_Provided data_:
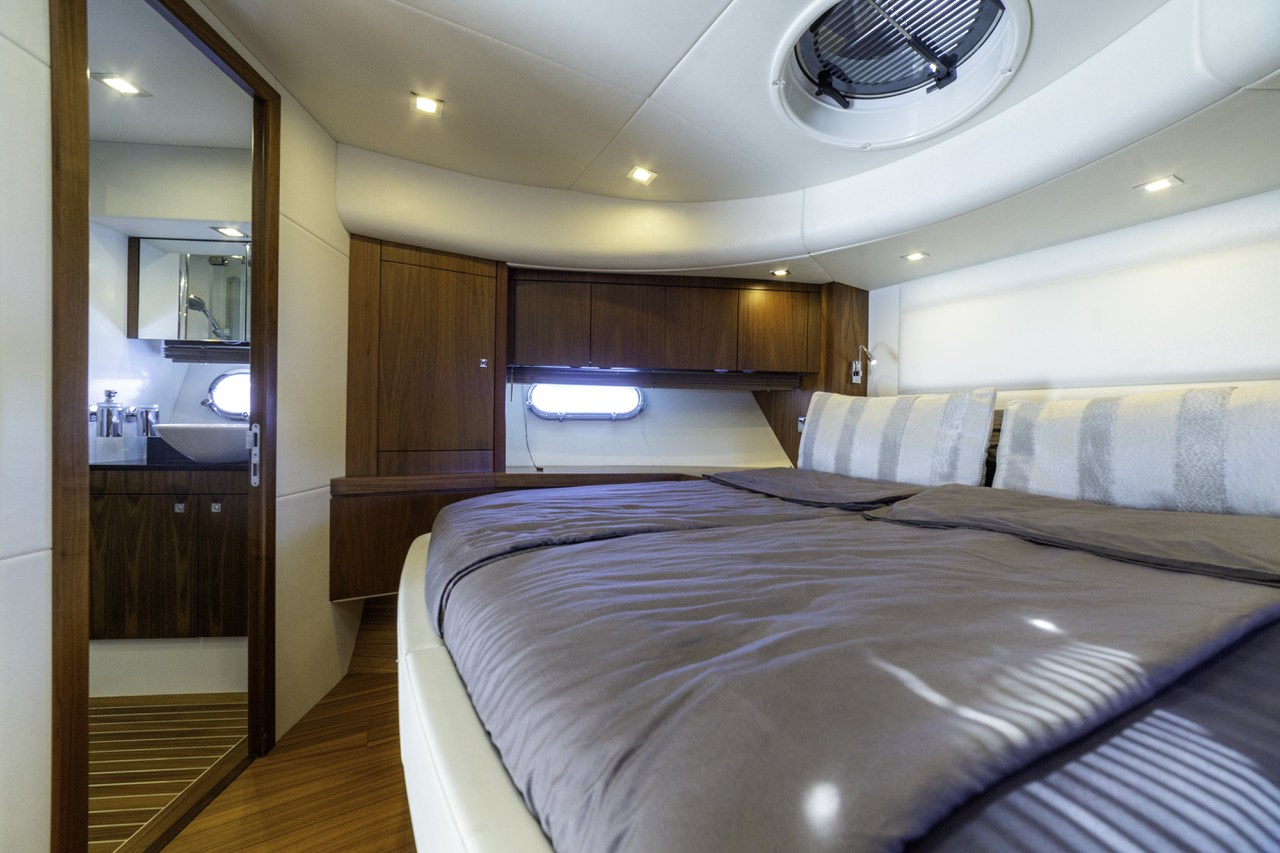 Image of 2 Drunk yacht #20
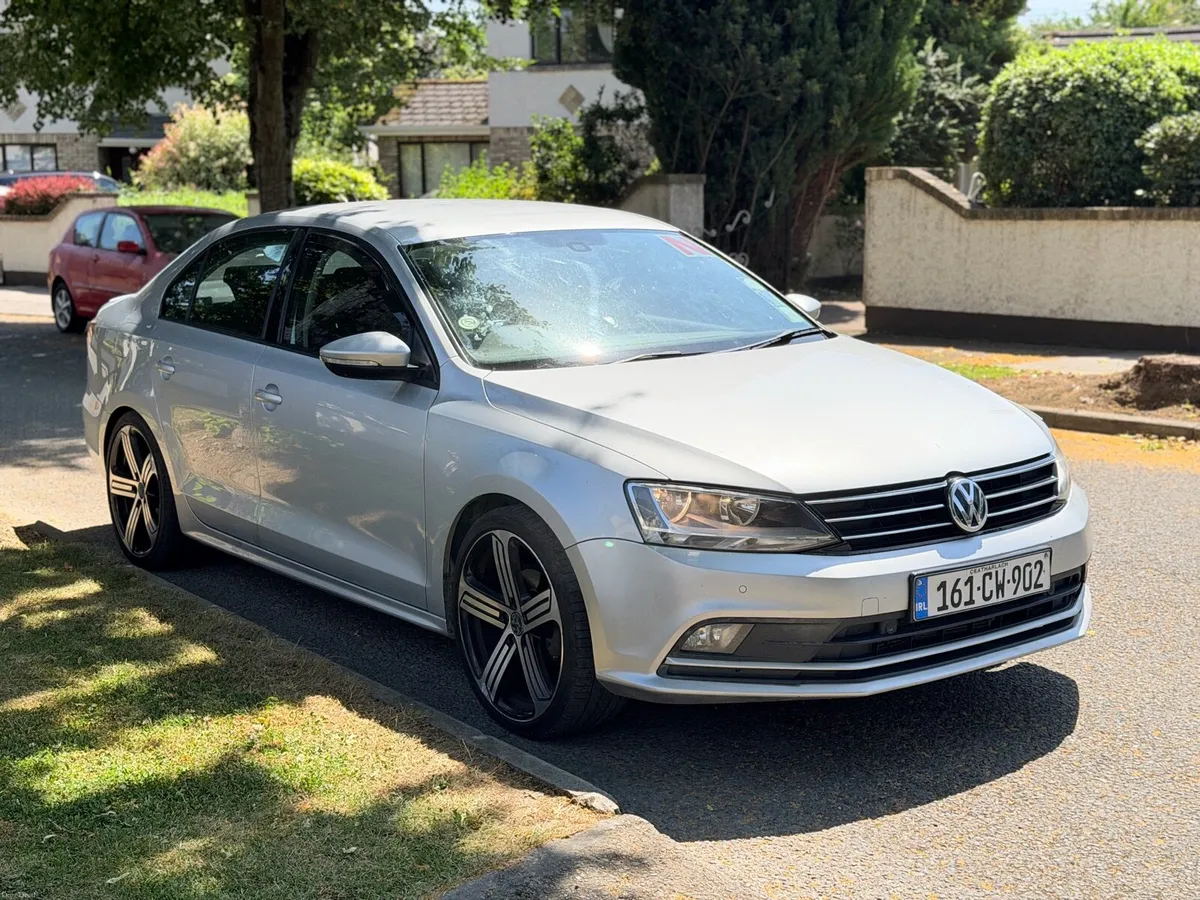 Volkswagen Jetta 2.0TDI - Image 3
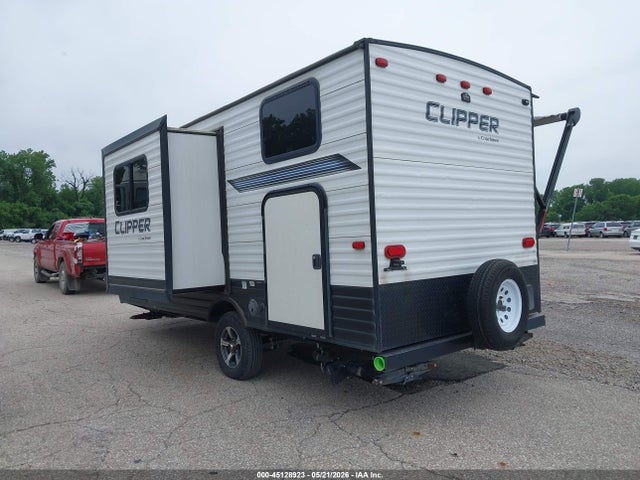 Coachmen Clipper 2019 5ZT2CWFC7KJ120748 Image 3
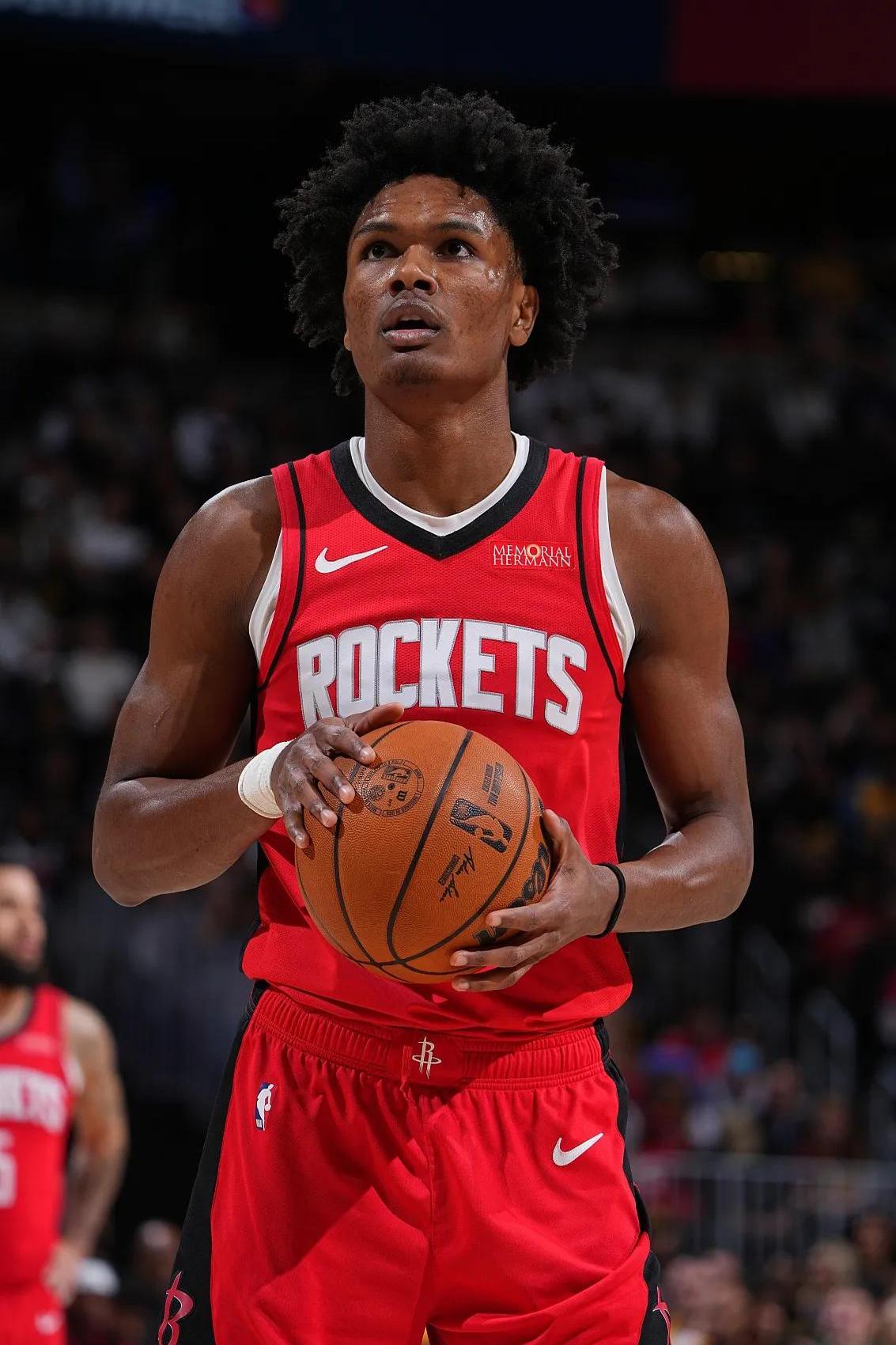 火箭遭遇灰熊反击，遗憾败北。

_Work to be completed_:
From the line with "Volkswagen Jetta 2.0TDI - Image 3" to the last line above, restate each line word for word, but skip the pictures.

_Your response_:
 Volkswagen Jetta 2.0TDI - Image 3
 Coachmen Clipper 2019 5ZT2CWFC7KJ120748 Image 3
 火箭遭遇灰熊反击，遗憾败北。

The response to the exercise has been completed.